You are not a bad person just because you want to have sex with somebody of the same gender. You are a bad person because you want to do things that are harmful to others. Now, take a good look at your life. Of all of the things that you have done with your life, where were you and what were you doing when you were making the lives of others worse than those lives could have been?

Those people who have been dead for 2000 years were as much in the dark about the moral universe as they were about the scientific universe, and holding them up as the model of moral perfection is not only insane, it is harmful – it turns otherwise good people such as yourself into people who harm not only others, but people who harm even themselves.

So, quit devoting your energies to policies that harm people who you know are not hurting anybody, and start going after the people who are doing real harm. If you do that, you might actually accomplish the good that you want to accomplish.

I do not epect this type of claim to convince the person it is aimed at. That person will probably continue along his or her chosen path out of inertia alone. However, if this is said loud enough and often enough, somebody would hear it who will actually ask himself, "Do I really have good reason to make others merable by supporting this type of legislation?

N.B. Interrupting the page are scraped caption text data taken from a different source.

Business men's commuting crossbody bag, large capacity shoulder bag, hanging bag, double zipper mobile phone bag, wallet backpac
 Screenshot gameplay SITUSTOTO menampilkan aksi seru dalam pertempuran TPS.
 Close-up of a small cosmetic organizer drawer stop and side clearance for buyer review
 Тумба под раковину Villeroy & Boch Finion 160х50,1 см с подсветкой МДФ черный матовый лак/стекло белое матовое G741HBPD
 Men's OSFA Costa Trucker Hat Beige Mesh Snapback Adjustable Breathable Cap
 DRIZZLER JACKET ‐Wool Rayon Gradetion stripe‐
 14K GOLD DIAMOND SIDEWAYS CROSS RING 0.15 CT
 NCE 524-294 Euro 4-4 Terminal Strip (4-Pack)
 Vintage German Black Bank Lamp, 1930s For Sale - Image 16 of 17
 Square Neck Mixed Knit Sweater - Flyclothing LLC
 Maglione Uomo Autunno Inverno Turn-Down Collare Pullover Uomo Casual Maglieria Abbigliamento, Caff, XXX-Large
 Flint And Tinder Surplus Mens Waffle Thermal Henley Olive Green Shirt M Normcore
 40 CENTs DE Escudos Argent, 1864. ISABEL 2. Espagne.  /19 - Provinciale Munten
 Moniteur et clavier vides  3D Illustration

Is this, perhaps, really another ancient moral mistake?"

As the cultural attitude shifts, then perhaps fewer politicians will feel the need to pursue these types of policies, or think that they are electable when their campaign promise is to do harm to others in the name of God.


Anonymous said...

Alonzo --

I don't think liberal Democrats who accused Bush of intellectual wrecklessness in leading us into Iraq and who also support withdrawl from Iraq is a good example of hipocrisy.

For one thing, I think you're constructing a strawman -- liberal Democrats who argue both that there are no dangers in withrawing the troops and the only way to win a war is to vanquish the enemy.

Perhaps there is somebody who is a Democrat and makes these claims, but I don't think it paints an accurate picture of prominent Democratic leaders.

Most liberal Democrats who support withdrawl would probably claim one or both of the following:

1. There is no enemy we could defeat that will result in a peaceful Iraq.

2. We cannot prevent civil war in Iraq. We can perhaps delay it, but eventually, it will happen. If so, why waste our time, money, and troops lives stalling the enevitable?

Now, one could take issue with these claims, but I don't think they are comparable to the absurd assumptions made by Bush in the lead up to the war, or the lack of planning that went into the war itself and the aftermath.

Finally, how are you certain that pulling the troops, apparently no matter how it is done, will certainly increase al-Queida recruits and funding? Surely our continued presence in Iraq itself has these effects. Are you certain that removing the troops can only lead to even greater funding and recruiting?

Alonzo Fyfe said...


Actually, I have not argued that we should not pull our troops out of Iraq. My position has always been to go with the judgment of experts in the field - non-partisan scholars whose life has been dedicated to the study of such issues.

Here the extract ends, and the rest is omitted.